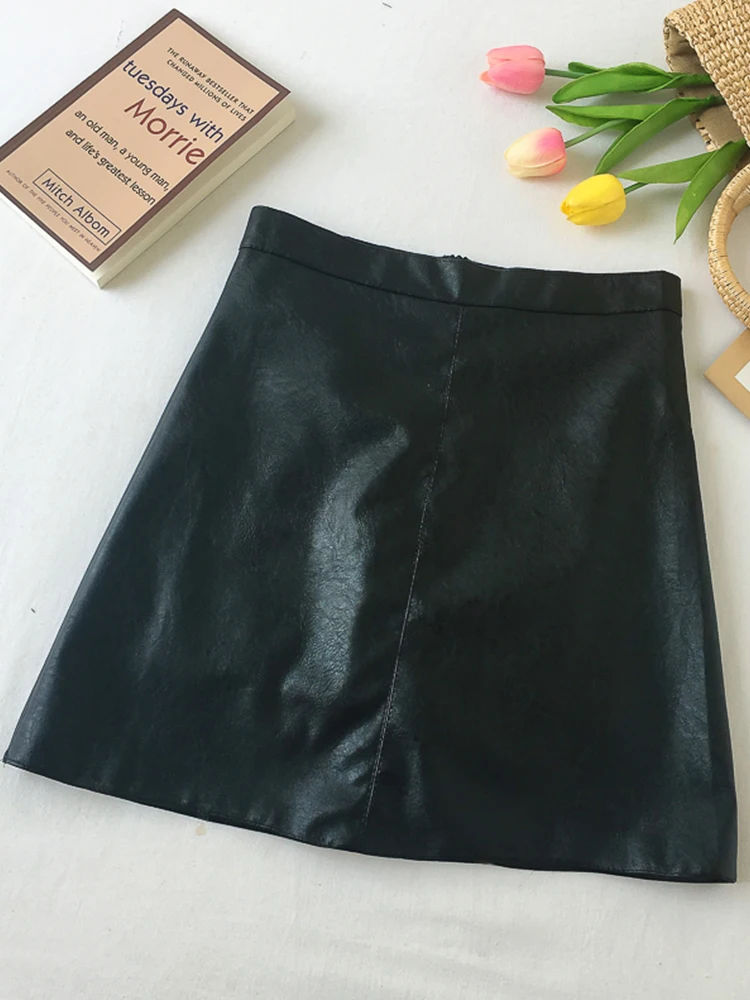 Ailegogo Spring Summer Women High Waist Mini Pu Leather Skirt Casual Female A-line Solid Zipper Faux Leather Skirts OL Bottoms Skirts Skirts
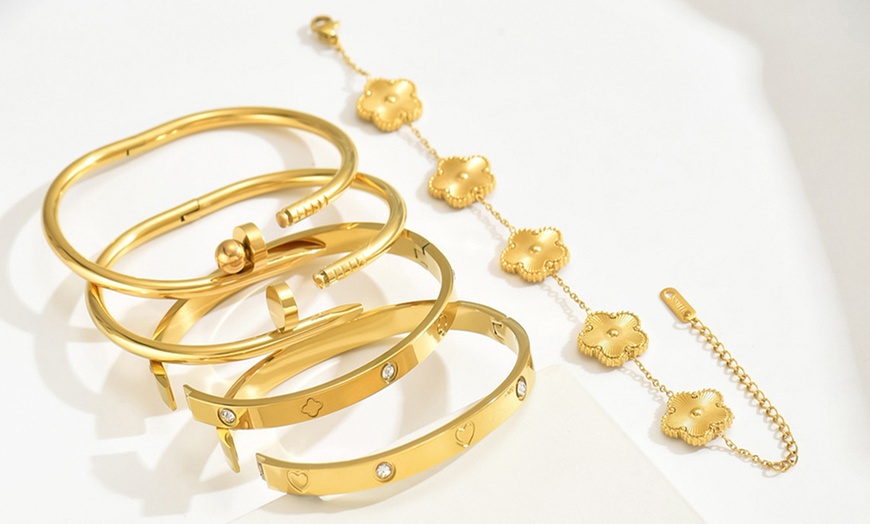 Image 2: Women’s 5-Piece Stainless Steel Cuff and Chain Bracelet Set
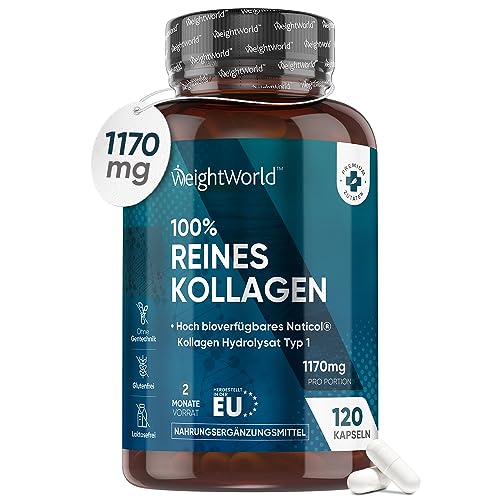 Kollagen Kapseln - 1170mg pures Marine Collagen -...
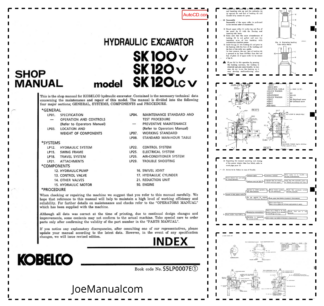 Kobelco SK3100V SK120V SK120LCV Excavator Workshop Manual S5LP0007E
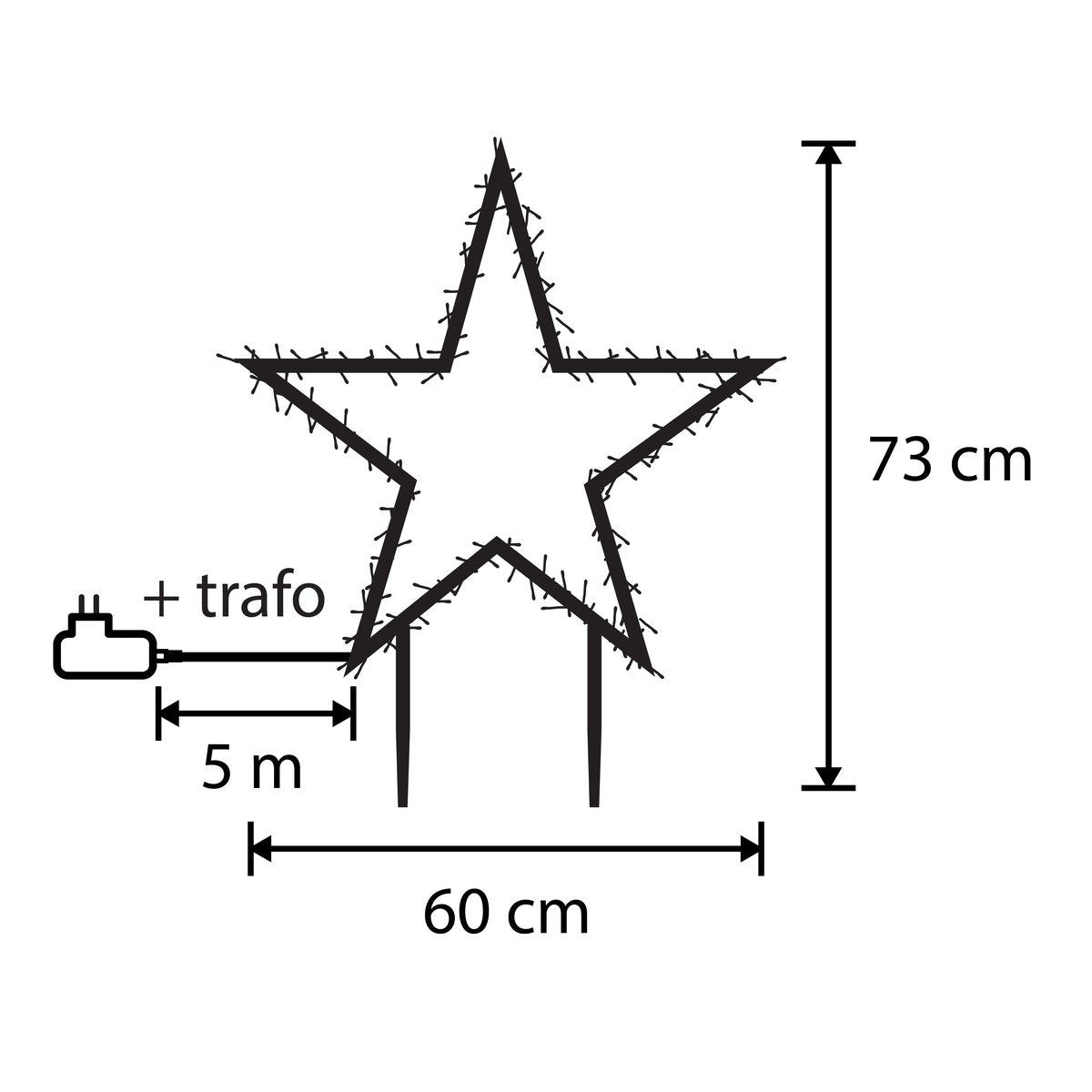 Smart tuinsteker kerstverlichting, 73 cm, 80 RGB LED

● ● ●

TASK DETAILS: What you give back should be exactly the lines from the line holding "Kobelco SK3100V SK120V" through the final line of the material, both ends included, and please leave out the pictures.

OUTPUT BELOW:
 Kobelco SK3100V SK120V SK120LCV Excavator Workshop Manual S5LP0007E
 Smart tuinsteker kerstverlichting, 73 cm, 80 RGB LED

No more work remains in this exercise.